Es muy difícil obtener imágenes de estos osos, dispersos en un área tan vasta. Alonso advirtió a Alamany que sería complicado y que jamás, en caso de avistar algún ejemplar, debía hacer nada que pudiera interferir en su comportamiento natural. Y es que los osos estaban en una época crucial. Habían finalizado el período de hibernación a principios de primavera, y la meteorología no les había sido favorable. El frío y la nieve habían redundado en una gran escasez de alimento, por lo que seguramente se encontraban débiles. Jóvenes e inexpertos, afrontaban además su primera temporada tras independizarse de la madre. En junio el paisaje había retomado el verdor propio de la época, y los osos se hallaban concentrados en recuperar las energías perdidas. Tras la hibernación, un oso suele perder hasta el 30% de su peso. Si algo los asustaba, recalcó Alonso, abandonarían la zona y, estresados, destinarían más fuerzas a guarecerse que a proveerse del sustento vital en un momento tan delicado.
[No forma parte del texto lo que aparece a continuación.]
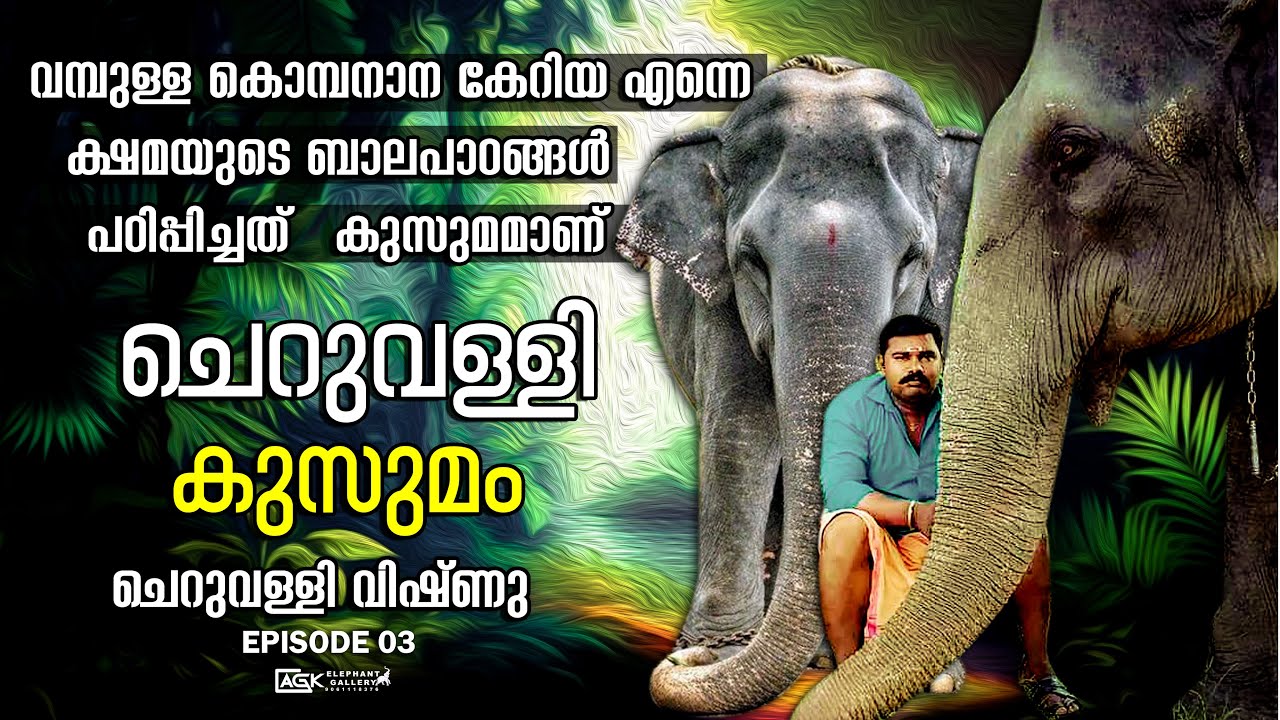 ചെറുവള്ളി കുസുമം | ചെറുവള്ളി വിഷ്ണു | EP 03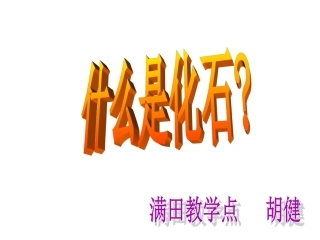 二年级语文上册《活化石》PPT课件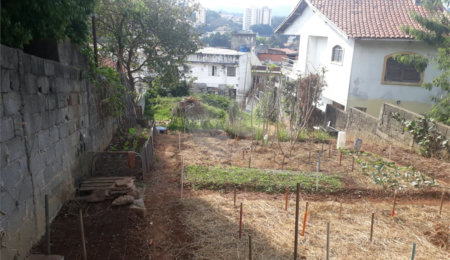 Terreno à venda em Água Fria, São Paulo, SP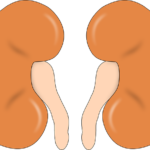 Kidney Graphic Image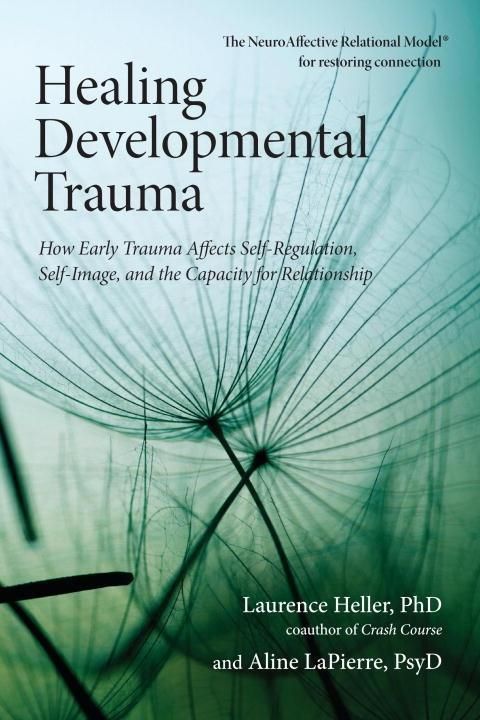 Produktbild: Healing Developmental Trauma
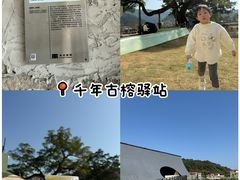 -罗浮山嘉宝田森林温泉度假酒店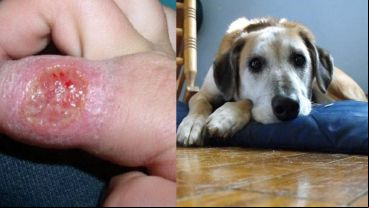 Personas y perros afectados por este grupo de enfermedades.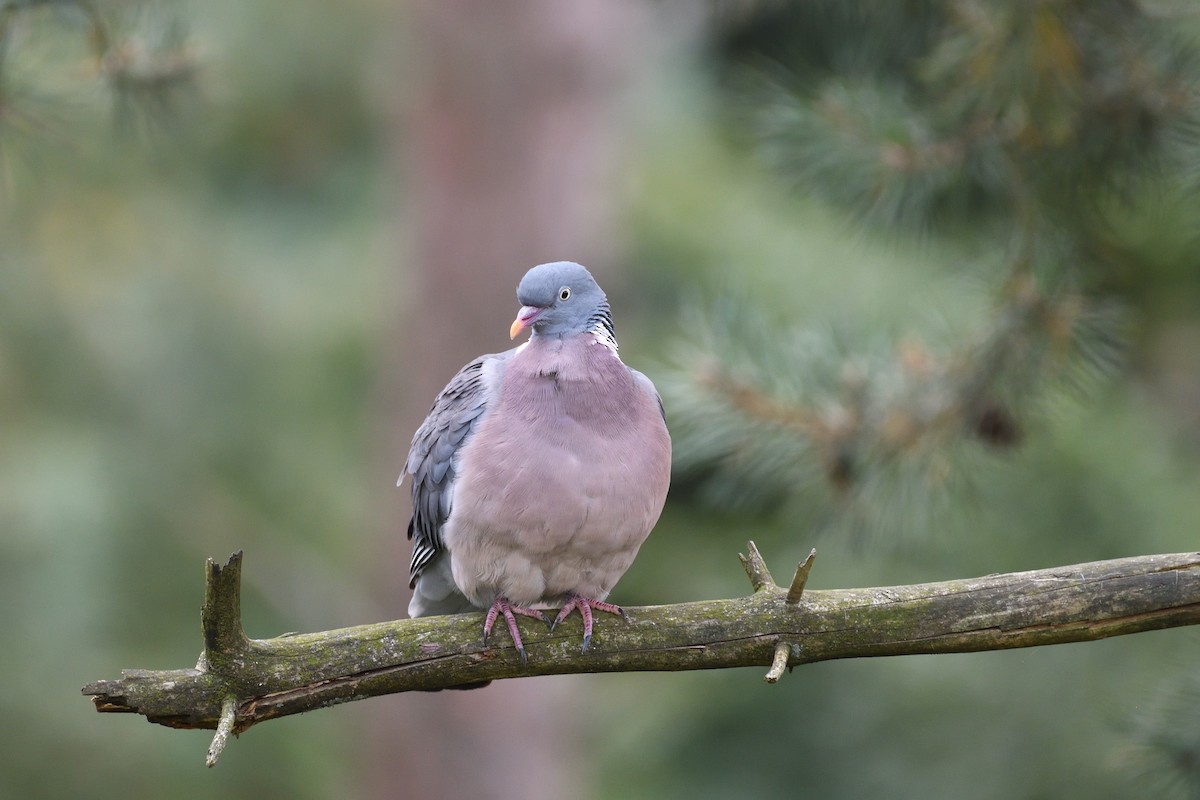 Common Wood-Pigeon - ML615883534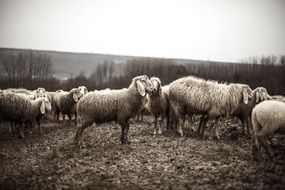 flock of sheep in black and white background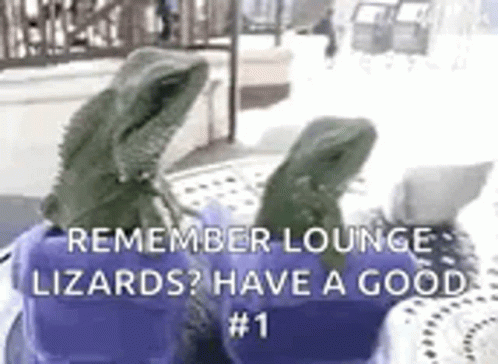 Lizards Sitting On Top Of Purple Box GIF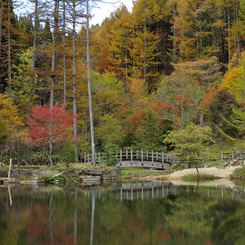 せせらぎ街道_西ウレ峠の水辺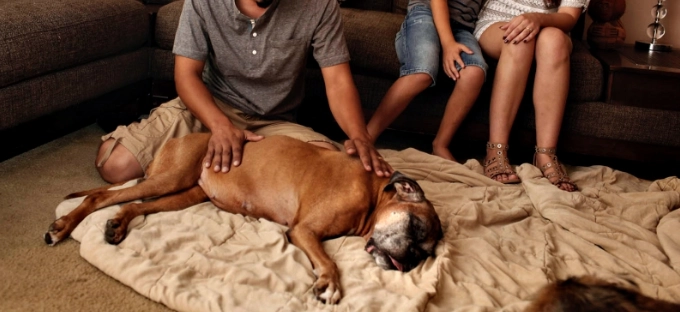 上門安樂死費用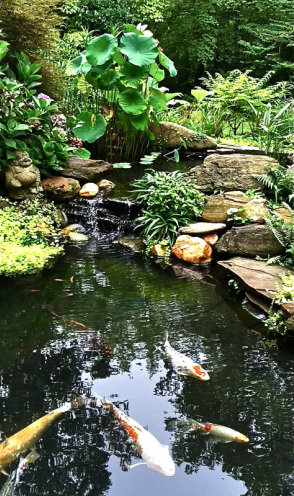 Koi Pond in Brices Creek, NC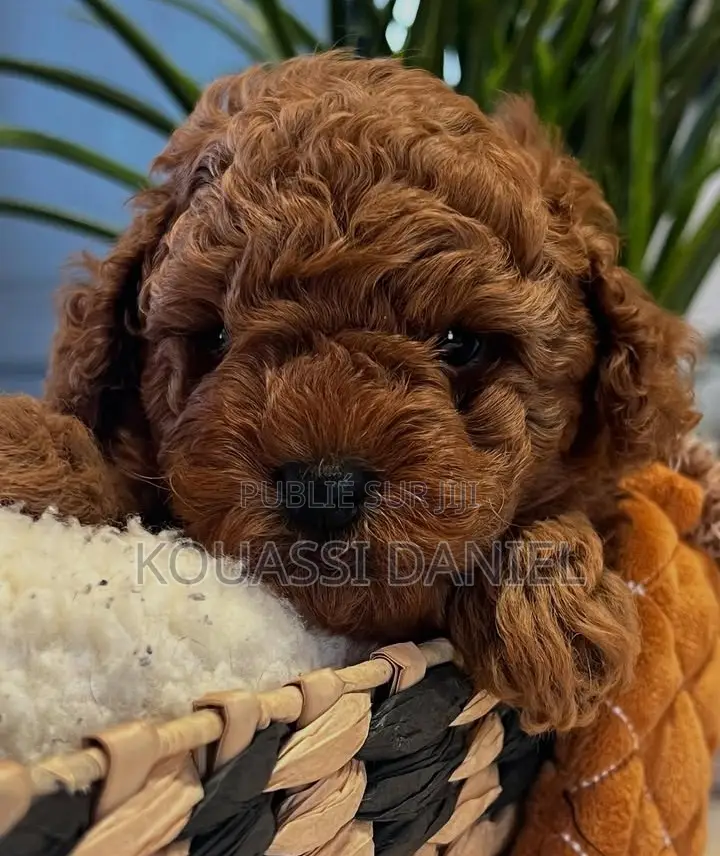 0-1 mois Femme Pure race Bichon Frise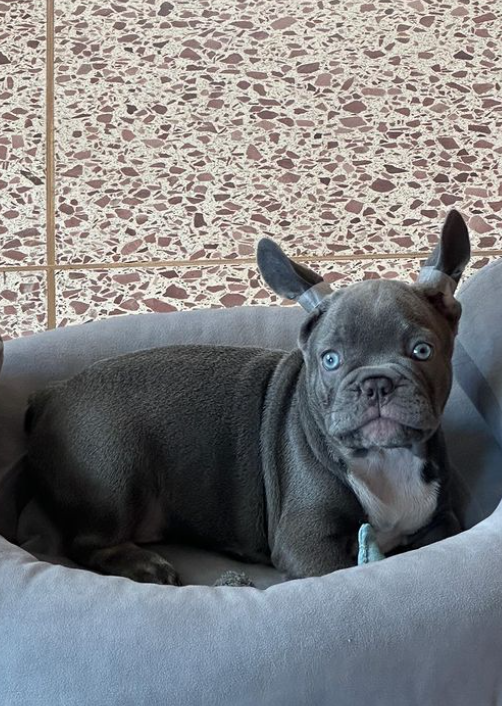 &quot;Кохання з першого погляду&quot;: Алан Бадоєв заявив про &quot;поповнення&quot; в сім'ї (фото)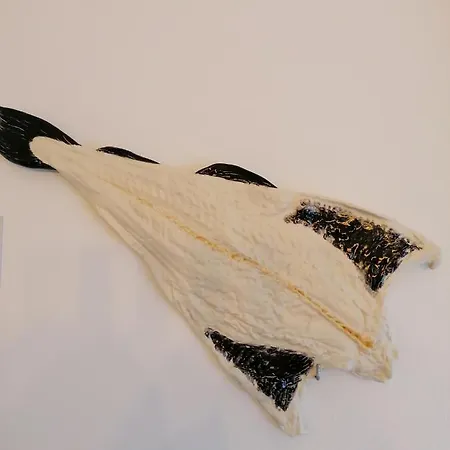 度假居 Casa D'avo Bina Local 维亚纳堡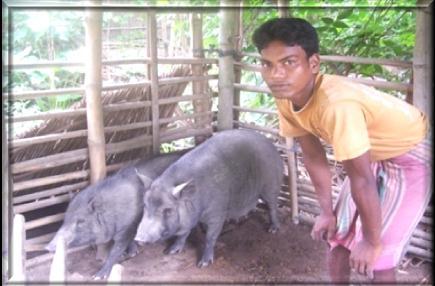 Tribal Farmer rearing Ghoongroo Pig in Balurghat & block of the district,w.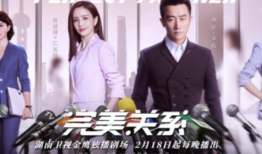 完美关系电视剧,职场情场双线交织，揭秘广告界的风云变幻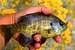 Color Bluegill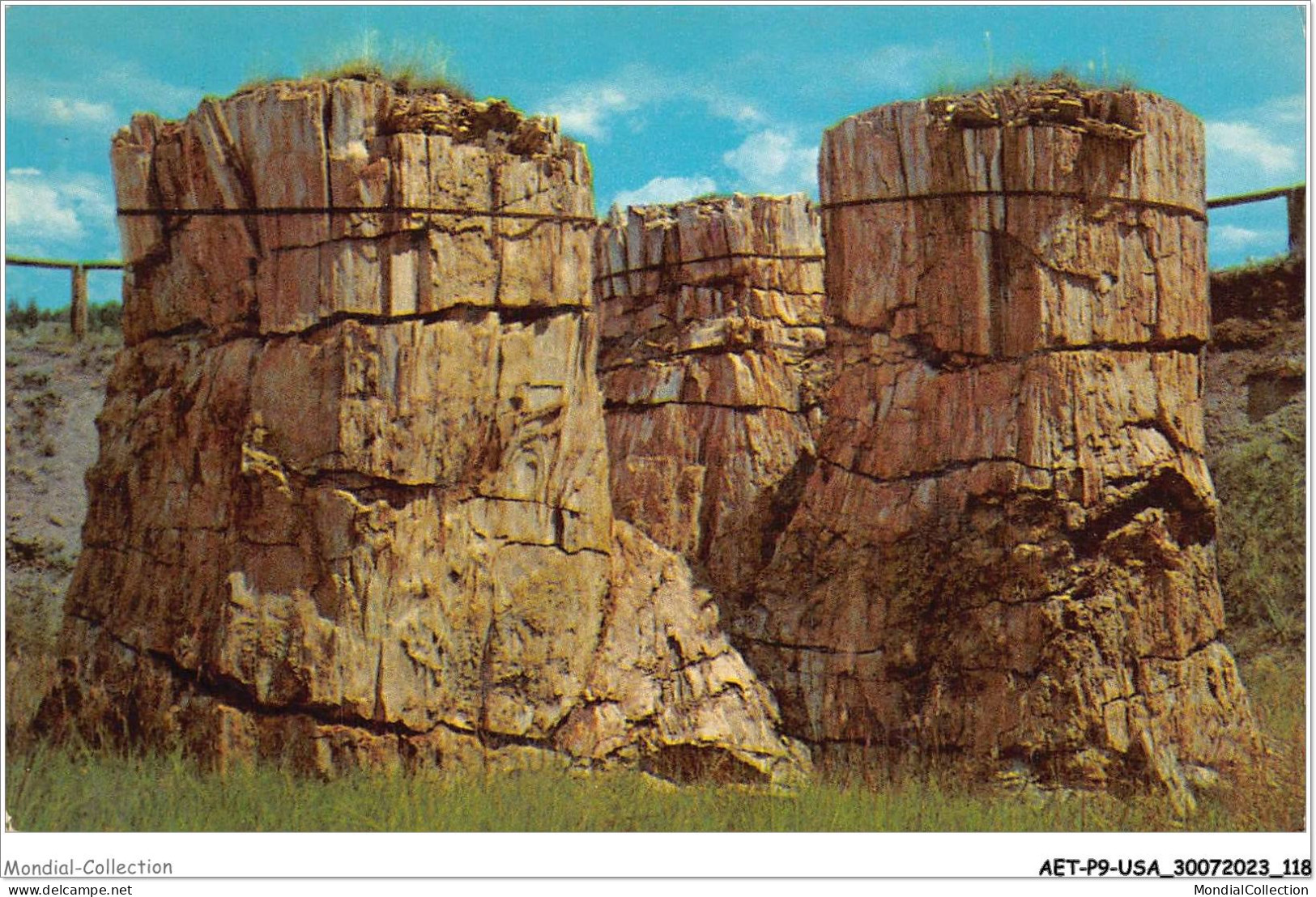 AETP9-USA-0748 - COLORADO - Petrified Trees Pikes Peak Region - Colorado Springs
«Me pareció perfecto –asegura Alamany–. Procedo del mundo de la conservación, y para mí el respeto hacia el animal es prioritario.» El fotógrafo, quien durante la década de 1980 trabajó como técnico en biología para la Generalitat de Cataluña recopilando datos de los últimos osos salvajes oriundos del territorio catalán, nunca había logrado ver ninguno en libertad. «Posteriormente he podido observar osos en Alaska y en Canadá, pero nunca hasta ahora he conseguido ver plantígrados en los Pirineos. Ha sido muy emocionante.»

Durante diez días, Alamany y su mujer, Eulàlia Vicens, se instalaron en su autocaravana en el lugar que Alonso les indicó, un frondoso bosque de abetos y hayas, y cada día se levantaban a las 5.30 de la mañana para sumarse al equipo del naturalista. La suerte se puso de su lado y obtuvieron las imágenes de osos pardos de los Pirineos de mayor calidad logradas hasta el momento.

«Fue agotador, pero excitante. Aquí, en los Pirineos, es inusual poder verlos, y cuando sucede, el avistamiento dura segundos o unos pocos minutos a lo sumo. Nosotros, en diez días, los vimos en nueve ocasiones, y en alguna de ellas pudimos observarlos hasta cinco horas seguidas. Incluso alguna vez fueron los osos los que se acercaron al lugar donde estábamos apostados», recuerda el fotógrafo.

Sin duda, fueron días fructíferos en esta zona de los Pirineos donde parece que los osos pardos se recuperan lentamente. Por el momento, todo indica que Nhèu y Noisette siguen en plena forma, y si todo va bien, seguramente dentro de dos primaveras estarán ya en disposición de tener descendencia. Buena suerte.